Carbon, the fourth most abundant element in the solar system, is a key element that controls life, environment and resources. In the past decade, renewed attention is being paid for understanding the global carbon cycle, especially to link the less known deep carbon cycle within the Earth to those related to the surface processes. Carbon isotope geochemistry has served as a common and widely applied tool for understanding the movement of carbon through different reservoirs in the Earth.
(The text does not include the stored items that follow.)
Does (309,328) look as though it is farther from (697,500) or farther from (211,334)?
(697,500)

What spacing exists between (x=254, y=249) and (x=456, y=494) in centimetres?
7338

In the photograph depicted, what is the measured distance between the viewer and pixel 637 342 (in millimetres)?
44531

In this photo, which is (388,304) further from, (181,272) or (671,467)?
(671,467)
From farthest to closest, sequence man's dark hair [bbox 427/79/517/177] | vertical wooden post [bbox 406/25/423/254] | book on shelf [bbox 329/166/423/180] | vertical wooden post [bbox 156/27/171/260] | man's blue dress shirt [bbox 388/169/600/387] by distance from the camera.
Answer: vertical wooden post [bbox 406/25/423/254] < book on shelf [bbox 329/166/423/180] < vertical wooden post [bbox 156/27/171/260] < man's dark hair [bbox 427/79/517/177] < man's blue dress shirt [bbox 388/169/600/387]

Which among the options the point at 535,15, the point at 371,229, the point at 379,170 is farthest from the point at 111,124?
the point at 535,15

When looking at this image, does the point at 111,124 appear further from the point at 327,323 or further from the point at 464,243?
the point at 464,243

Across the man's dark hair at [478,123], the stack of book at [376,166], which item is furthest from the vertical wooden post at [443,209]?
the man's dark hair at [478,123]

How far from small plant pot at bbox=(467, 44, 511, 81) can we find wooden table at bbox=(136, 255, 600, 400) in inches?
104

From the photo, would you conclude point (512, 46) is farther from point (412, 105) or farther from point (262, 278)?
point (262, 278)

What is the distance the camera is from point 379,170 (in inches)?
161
Here I present a comprehensive synthesis on the forms of carbon, its movement among the various reservoirs and the evolution of carbon isotopes in the middle to lower continental crust, where large volumes of carbon are stored as “long-term sinks”. In particular, the carbon geodynamics in orogenic belts is evaluated based on vein-type graphite occurrences in Antarctica and Sri Lanka and disseminated forms of in other terrains of the Neoproterozoic to Cambrian East African Antarctic Orogenic belt.
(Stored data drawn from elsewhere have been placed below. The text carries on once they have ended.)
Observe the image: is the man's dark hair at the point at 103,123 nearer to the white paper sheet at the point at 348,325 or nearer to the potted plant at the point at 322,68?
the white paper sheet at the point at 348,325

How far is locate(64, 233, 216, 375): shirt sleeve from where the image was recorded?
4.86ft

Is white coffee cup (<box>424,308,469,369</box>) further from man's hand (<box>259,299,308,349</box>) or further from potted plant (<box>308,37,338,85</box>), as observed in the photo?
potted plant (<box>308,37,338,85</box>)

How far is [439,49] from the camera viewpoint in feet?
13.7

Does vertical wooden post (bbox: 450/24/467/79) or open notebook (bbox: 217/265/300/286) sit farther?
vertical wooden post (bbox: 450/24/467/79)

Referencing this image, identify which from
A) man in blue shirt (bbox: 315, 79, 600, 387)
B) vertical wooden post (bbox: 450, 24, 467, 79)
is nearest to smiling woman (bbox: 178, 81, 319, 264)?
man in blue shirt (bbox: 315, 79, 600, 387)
Carbon mobility occurs in the crust mainly in the form of fluids, such as CO₂ and CH₄, along fractures and lithological contacts where graphite concentration is observed. A detailed carbon isotope study of graphite and examination of fluid inclusions were carried out in different occurrences in continental collisions zones in the Lützow Holm Complex, East Antarctica, Sri Lanka, southern India and Madagascar. Based on the mode of occurrence, they were classified into three types, vein-type, disseminate flakes and coarse aggregates. In addition, graphite concentration is also observed along the contact between marble and country gneiss. The concentration of disseminate flakes increases near the contact zone between meta-carbonate rocks and surrounding gneisses. In order to understand the source carbon isotope composition, we considered the carbon isotope fractionation behavior between calcite, graphite and carbon-bearing fluids (CO₂ or CH₄). For example, at the Skallevikshalsen locality in the Lützow Holm Complex, East Antarctica, all three forms of carbon-bearing phases were present. Field evidences suggest that carbon is being pooled at lithological contacts and deposited as graphite. Carbon isotopic composition of graphite and associated carbonates are consistent with graphite precipitation from the CO₂released by decarbonation reactions.
The case with vein-type graphite in Sri Lanka is considered to be different as large volumes of highly crystalline graphite is deposited. The origin of graphite is considered to be mantle derived fluids. The CO₂-rich fluids are observed in quartz pods within the graphite veins, recording evidence of original fluids that resulted in the deposition of graphite veins. In my presentation I will provide a comprehensive review of carbon isotopic composition of graphite in continental crust to understand the role of graphite as "long-term sinks" of carbon.